Would it be possible to write out each entry below exactly, without the pictures?

*** Block opens ***

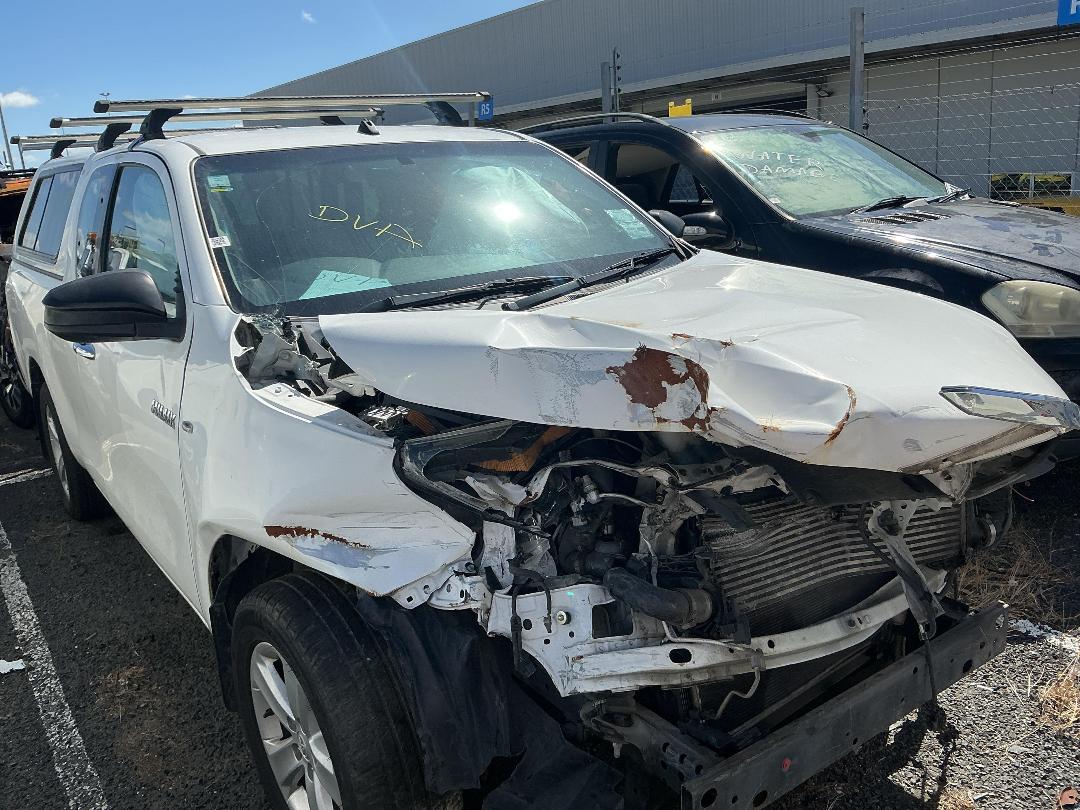 Photo '2' of Toyota Hilux S TD EC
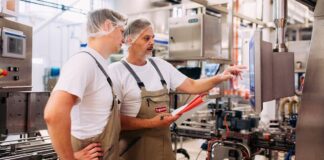 SE NECESITA OPERARIO/A DE PRODUCCIÓN EN PLANTA DE ALIMENTOS (CON O SIN EXPERIENCIA), EMPLEO PERMANENTE. TURNOS DIURNOS, BUEN PAGO Operario de Producción en Planta de Alimentos en Canadá empleo en Nueva Escocia empleo sin experiencia en Canadá Production Operator in Food Plant in Canada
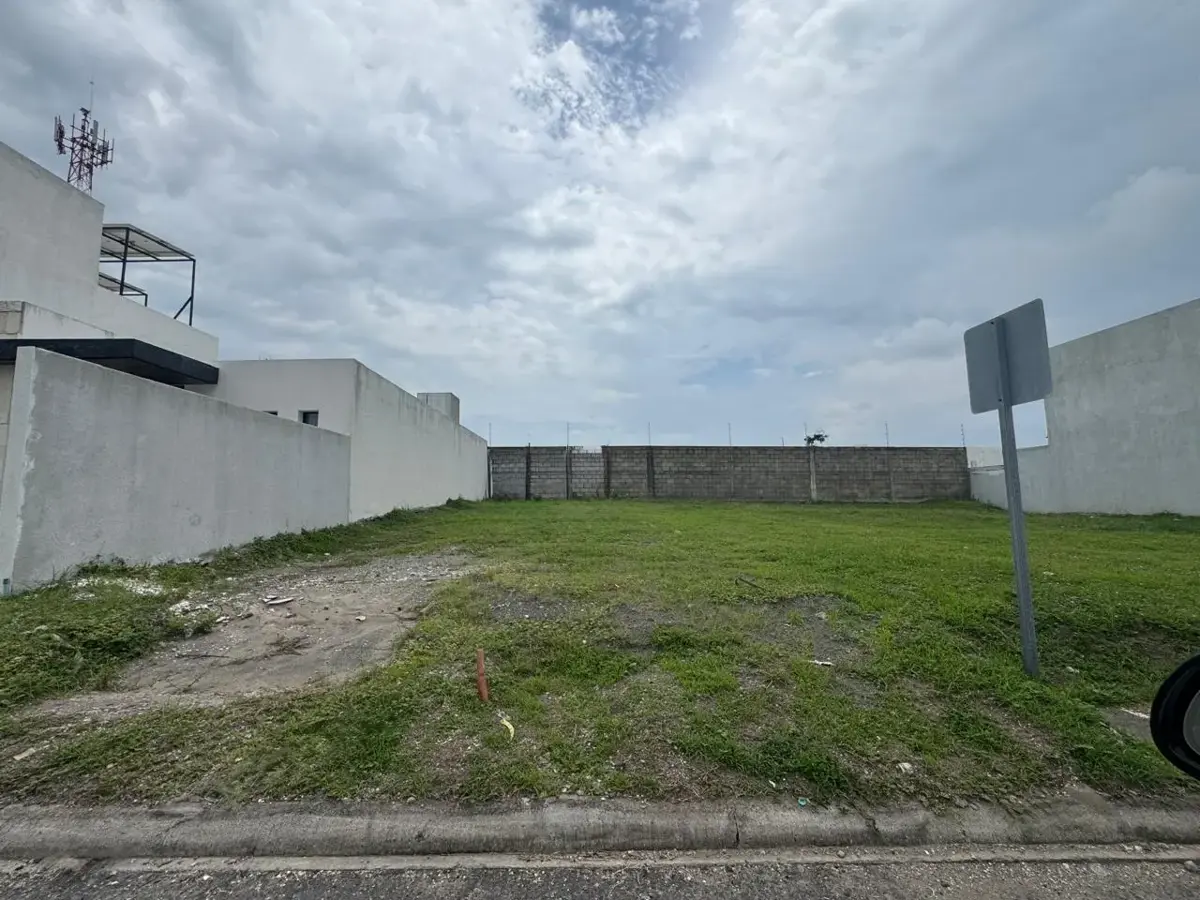 Terreno en venta en Lomas de la Rioja, Alvarado — foto 1 de 2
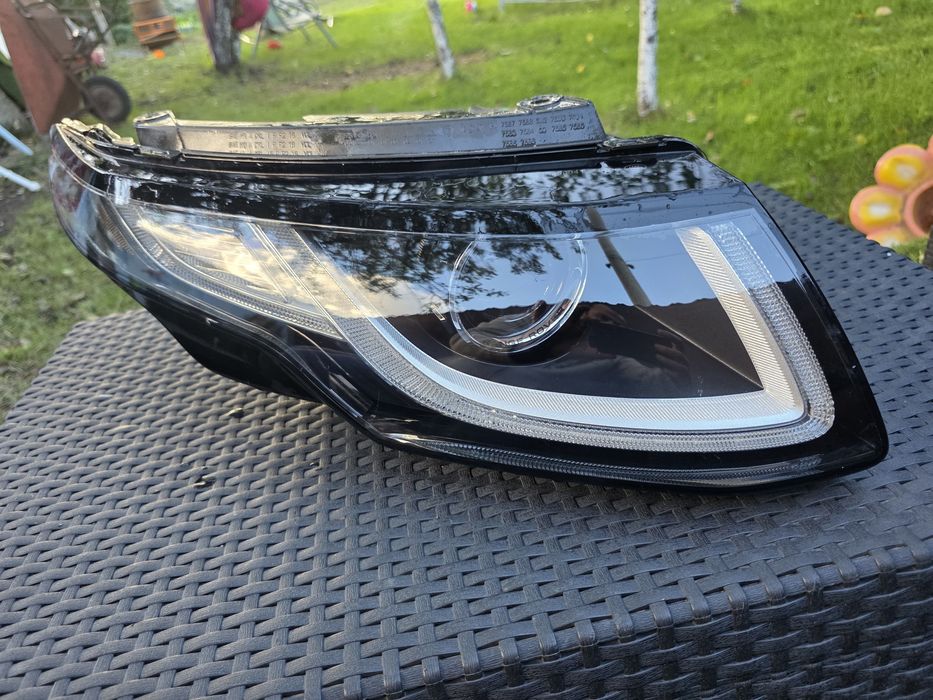 Vand far led  dreapta faruri  range rover evoque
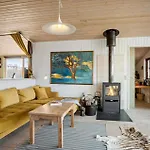 Nyaraló Stunning In With Wifi Middelfart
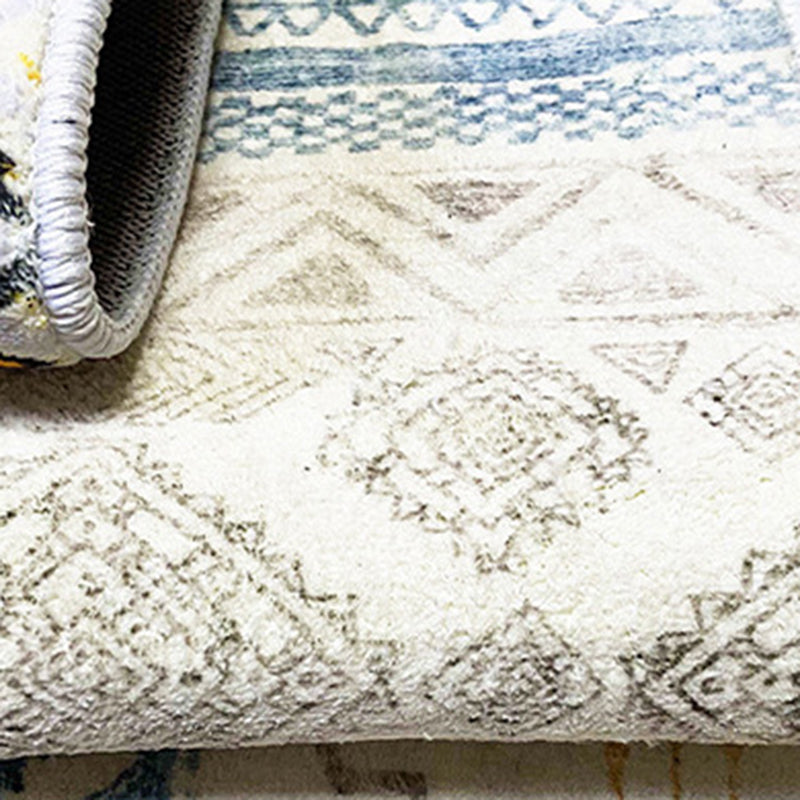 Apricot Square Pattern Rug Polyester Modern Rug Washable Rug for Living Room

*** Block closes ***

### RESPONSE AREA
 Photo '2' of Toyota Hilux S TD EC
 SE NECESITA OPERARIO/A DE PRODUCCIÓN EN PLANTA DE ALIMENTOS (CON O SIN EXPERIENCIA), EMPLEO PERMANENTE. TURNOS DIURNOS, BUEN PAGO Operario de Producción en Planta de Alimentos en Canadá empleo en Nueva Escocia empleo sin experiencia en Canadá Production Operator in Food Plant in Canada
 Terreno en venta en Lomas de la Rioja, Alvarado — foto 1 de 2
 Vand far led  dreapta faruri  range rover evoque
 Nyaraló Stunning In With Wifi Middelfart
 Apricot Square Pattern Rug Polyester Modern Rug Washable Rug for Living Room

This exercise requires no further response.